New Zealand Parliament

Legislative history
- Passed: 1931

Repeals
- 1982

Amended by
- 1933, 1936, 1939, 1962, 1977

= Transport Licensing Act 1931 =

Act of Parliament in New Zealand

The Transport Licensing Act 1931 was a New Zealand Act of Parliament regulating land transport. It was introduced following a Royal Commission on road and rail competition in 1930. The Act also regulated aspects such as safety and insurance requirements for carriers and the regulation of public passenger services.

==Amendments==
In 1933, the Act was amended to cover all rural road carriers carting in excess of 5 mi.
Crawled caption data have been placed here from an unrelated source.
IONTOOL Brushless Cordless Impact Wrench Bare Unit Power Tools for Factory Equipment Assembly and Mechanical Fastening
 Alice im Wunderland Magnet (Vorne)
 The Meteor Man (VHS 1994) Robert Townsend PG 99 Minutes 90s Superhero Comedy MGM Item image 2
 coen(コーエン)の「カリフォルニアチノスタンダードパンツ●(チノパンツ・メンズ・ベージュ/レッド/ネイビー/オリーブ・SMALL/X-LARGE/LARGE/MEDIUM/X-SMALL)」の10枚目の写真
In 1939, town carriers were regulated.

===Maximum distance protection===
In 1936, the protection of railways was extended to cover all freight conveyed over distances greater than those specified by the Act. This was by far the most crucial regulation, as it gave rail an effective monopoly on long-distance freight transport. Originally this limit was 30 mi. In 1962 it was increased to 40 mi, and in 1977 to 150 km.

===Livestock===
In 1961, livestock was exempted from the Transport Licensing Act.

==Repeal==
The Act was repealed in 1982, effectively deregulating land transport and opening the railways up to competition. The Railways Department was corporatised as the New Zealand Railways Corporation as a result, and throughout the 1980s until the early 1990s lost substantial amounts of freight to road carriers. Freight traffic reached its low point in 1993, and since then railway freight traffic has increased.